In the latter part of the 1980's, a watershed event occurred in the battle for the American culture with the advent of talk-radio giant Rush Limbaugh’s nationally broadcast program. Suddenly, the left found out just how vulnerable it was in the face of logical and vocal opposition. From the aborted attempt to derail Justice Clarence Thomas’ confirmation hearings, to the Clintons’ disastrous effort to implement socialized health care, to the earth-shattering shift of power in the House and Senate in the 1994 elections, liberalism found itself increasingly on the defensive, its once-arrogant advocates often realizing the sudden necessity to run for the tall grass.

During the past decade, things have only gotten worse for those on the left. Alternative media, such as the Fox News Channel, along with the massive distribution of information over the Internet, have further eroded the ability of liberalism to dictate the agenda, since the falsehoods on which it has always been founded are inherently defenseless against thorough scrutiny.

Also during that time, those liberals who had once held unchallenged dominance of the debate, as well as its eventual outcome, steadily increased the virulence of their efforts, in hopes of eventually regaining their monopoly of power, and with full intentions of never again relinquishing it.

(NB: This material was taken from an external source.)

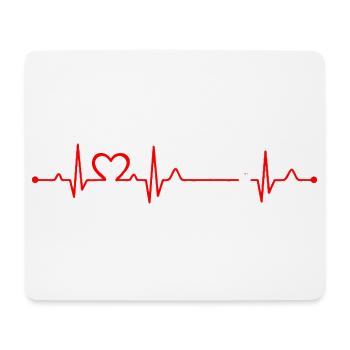 Heartbeat Curling Girl Drôle Joueur de Curling ECG - Tapis de souris (format paysage) - blanc - Devant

So now the left believes the time has arrived to strike a fatal blow to conservative America. Buried in the shadows of last week’s Senate debate over FCC rule changes is an attempt to reinstate the so-called “Fairness” Doctrine, whereby complaining listeners could literally shut down radio programs with which they disagree. The full force of the federal government would thus be available to systematically expunge “controversial” broadcasts such as Limbaugh’s from the airwaves, much as the ACLU has eliminated virtually every public reference to God from the public scene.

During the past week alone, Hillary Clinton shamelessly used the anniversary of 9-11 to foist a claim that the President allowed New Yorkers to be misled as to the environmental dangers posed by dust and debris in the rubble of the World Trade Center. Elsewhere in the media, liberals sought to mischaracterize government warnings to prepare for Hurricane Isabel’s imminent landfall as attempts by the Bush administration to increase consumer activity so as to bolster the sluggish economy.

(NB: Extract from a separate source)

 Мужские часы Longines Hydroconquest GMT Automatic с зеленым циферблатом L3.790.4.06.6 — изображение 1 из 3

Is this the level of uncontested debate to which Americans, regardless of their party affiliation, really desire to once again descend? Can the propagation of such absurd contentions, presented as fact without any serious challenges to their validity, truly be in the best interests of the people?

America has little time left in which to grasp the magnitude of danger posed to it by the "Fairness" doctrine and, despite individual political leanings, fight to preserve the rights of all citizens to express their views. Otherwise, the day will come when, like the people of California, the entire country must face the grim reality that its ability to determine its own destiny has been irrevocably torn from it.